The continuing political unrest in Thailand, directed by the "Yellow Shirt" movement against the government of Prime Minister Yingluck Shinawatra is a very good example of the changeable and volatile nature of protest movements, particularly those inspired by the Arab Spring of the last few years. Ostensibly the protesters, drawn from the wealthy, educated and privileged elite of Thailand's larger cities, especially Bangkok, are attempting to topple the Shinawatra administration because of its corruption, the influence of the PM's brother Thaksin Shinawatra who was ousted as Prime Minister by the Thai military in 2006 and what they claim is her political party's stranglehold on power achieved through populist policies. Looked at one way, the protests pit a westernising, educated protest movement against a corrupt and semi-authoritarian regime. In this view, there are good guys and bad guys, with Shinawatra's government playing the role of villainous oppressors, with Thaksin Shinawatra as the malevolent guiding intelligence. Against her are ranged the forces of righteousness in the form of university graduates with Twitter accounts and eloquent descriptions of their grievances.

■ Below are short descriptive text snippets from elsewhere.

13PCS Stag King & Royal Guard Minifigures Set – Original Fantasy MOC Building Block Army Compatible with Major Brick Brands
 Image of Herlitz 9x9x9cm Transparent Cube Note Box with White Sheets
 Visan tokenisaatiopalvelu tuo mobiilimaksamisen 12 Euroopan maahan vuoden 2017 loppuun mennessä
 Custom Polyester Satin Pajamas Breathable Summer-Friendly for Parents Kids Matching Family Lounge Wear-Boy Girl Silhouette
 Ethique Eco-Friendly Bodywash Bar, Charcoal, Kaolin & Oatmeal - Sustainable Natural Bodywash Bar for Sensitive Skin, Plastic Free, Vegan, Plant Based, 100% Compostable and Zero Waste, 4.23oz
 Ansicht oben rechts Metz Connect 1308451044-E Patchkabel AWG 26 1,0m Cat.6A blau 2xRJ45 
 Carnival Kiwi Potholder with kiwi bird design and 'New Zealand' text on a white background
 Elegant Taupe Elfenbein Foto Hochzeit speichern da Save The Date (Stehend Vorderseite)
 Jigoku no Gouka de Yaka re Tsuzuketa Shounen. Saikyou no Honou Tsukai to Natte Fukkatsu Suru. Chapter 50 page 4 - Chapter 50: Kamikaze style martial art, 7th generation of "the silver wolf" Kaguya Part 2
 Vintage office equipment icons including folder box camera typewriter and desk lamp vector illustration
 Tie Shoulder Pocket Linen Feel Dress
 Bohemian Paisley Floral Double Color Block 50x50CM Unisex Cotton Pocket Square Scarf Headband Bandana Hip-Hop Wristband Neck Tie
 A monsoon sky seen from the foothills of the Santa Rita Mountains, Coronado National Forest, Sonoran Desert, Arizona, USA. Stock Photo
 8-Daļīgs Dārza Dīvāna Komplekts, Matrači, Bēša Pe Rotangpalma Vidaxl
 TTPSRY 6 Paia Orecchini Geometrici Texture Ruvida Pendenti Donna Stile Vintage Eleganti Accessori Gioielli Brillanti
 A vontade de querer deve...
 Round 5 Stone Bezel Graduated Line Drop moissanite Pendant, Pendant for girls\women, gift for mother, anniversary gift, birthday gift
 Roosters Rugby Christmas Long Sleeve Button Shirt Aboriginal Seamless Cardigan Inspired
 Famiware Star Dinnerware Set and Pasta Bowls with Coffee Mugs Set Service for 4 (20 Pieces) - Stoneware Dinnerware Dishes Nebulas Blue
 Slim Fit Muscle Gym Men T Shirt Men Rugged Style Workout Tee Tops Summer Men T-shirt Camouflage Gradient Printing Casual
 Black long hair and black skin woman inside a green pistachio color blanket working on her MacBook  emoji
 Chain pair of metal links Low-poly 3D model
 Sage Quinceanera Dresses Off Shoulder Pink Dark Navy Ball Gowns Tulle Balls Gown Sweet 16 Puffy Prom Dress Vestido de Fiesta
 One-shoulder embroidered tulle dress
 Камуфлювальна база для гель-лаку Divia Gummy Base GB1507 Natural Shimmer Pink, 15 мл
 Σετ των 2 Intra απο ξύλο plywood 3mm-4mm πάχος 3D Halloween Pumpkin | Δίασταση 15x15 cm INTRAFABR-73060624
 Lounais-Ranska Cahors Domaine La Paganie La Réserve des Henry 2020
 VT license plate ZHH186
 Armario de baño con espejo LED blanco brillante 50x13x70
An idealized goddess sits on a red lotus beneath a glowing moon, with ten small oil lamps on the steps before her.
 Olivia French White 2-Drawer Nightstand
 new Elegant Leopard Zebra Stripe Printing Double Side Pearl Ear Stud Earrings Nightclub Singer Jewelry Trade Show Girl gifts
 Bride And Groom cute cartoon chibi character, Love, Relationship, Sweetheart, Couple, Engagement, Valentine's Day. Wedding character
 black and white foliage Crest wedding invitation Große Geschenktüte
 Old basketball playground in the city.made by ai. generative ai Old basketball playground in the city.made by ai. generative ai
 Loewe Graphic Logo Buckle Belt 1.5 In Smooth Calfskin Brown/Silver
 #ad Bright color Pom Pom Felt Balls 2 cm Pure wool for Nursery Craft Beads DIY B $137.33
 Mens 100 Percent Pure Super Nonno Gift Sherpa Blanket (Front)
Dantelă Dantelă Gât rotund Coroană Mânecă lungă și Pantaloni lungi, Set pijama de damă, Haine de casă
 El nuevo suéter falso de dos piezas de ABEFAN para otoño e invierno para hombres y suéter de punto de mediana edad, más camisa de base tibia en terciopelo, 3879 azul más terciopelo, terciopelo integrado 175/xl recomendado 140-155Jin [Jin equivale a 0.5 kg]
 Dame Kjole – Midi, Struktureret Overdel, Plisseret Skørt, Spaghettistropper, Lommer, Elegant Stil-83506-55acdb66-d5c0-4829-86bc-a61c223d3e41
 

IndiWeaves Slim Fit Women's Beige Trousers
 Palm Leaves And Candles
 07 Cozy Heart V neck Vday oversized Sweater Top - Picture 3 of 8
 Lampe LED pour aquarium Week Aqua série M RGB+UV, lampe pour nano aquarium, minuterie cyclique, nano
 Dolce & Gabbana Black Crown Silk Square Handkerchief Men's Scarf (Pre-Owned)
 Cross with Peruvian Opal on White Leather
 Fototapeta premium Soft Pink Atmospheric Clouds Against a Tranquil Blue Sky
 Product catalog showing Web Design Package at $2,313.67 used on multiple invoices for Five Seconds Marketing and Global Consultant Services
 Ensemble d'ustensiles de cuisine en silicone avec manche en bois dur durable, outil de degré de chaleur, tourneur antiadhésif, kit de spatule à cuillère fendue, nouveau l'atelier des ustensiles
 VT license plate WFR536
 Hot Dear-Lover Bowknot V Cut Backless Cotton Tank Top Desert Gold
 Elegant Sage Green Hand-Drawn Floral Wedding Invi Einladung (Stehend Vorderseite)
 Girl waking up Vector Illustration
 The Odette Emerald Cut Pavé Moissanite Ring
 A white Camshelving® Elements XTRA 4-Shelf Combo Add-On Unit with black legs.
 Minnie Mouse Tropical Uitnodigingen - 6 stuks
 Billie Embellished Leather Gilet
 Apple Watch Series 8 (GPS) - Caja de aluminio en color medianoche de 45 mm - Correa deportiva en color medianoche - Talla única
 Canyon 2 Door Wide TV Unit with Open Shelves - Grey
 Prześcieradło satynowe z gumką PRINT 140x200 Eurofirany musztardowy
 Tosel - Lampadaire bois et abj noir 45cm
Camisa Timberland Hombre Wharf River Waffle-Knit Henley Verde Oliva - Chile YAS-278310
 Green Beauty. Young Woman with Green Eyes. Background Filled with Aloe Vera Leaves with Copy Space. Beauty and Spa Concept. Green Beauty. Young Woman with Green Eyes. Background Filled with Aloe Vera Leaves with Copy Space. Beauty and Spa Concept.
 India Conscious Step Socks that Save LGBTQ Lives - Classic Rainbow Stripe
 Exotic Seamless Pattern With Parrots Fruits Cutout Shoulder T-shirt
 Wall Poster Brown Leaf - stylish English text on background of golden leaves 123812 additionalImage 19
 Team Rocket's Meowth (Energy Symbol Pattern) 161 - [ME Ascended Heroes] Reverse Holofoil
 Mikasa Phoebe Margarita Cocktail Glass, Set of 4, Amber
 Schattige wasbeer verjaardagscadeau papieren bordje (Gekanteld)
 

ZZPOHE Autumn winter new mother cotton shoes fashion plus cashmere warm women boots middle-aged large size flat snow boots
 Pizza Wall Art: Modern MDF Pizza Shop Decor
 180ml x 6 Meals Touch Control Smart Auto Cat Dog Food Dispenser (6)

Looked at another way however, and the protests take on a more mixed appearance. The Shinawatra party, Pheu Thai has won every election since 2001 in various guises. The Shinawatra's have received large mandates every time they have gone to the people. The protesters claim that their supporters, largely drawn from less well off Thai's living in rural areas, especially the north of the country, have been bribed by Pheu Thai's populist policies and are by implication too stupid or too greedy to be trusted with their choice. Of course, the privileged, urban, middle class members of the protest movement would never subject their own electoral choices to the same scrutiny. The protests racking Bangkok are not driven by a widespread sense of oppression by some dictatorial power, they are been driven by a wealthy elite trying to derail the redistributionist policies of the elected government. The real opponents of democracy are the protesters, who are demanding that parliament be dissolved and an unelected "people's council" take its place. Of course, they probably have some very particular ideas about who should be on the "people's council", and they probably don't involve any supporters of the Shinawatra's.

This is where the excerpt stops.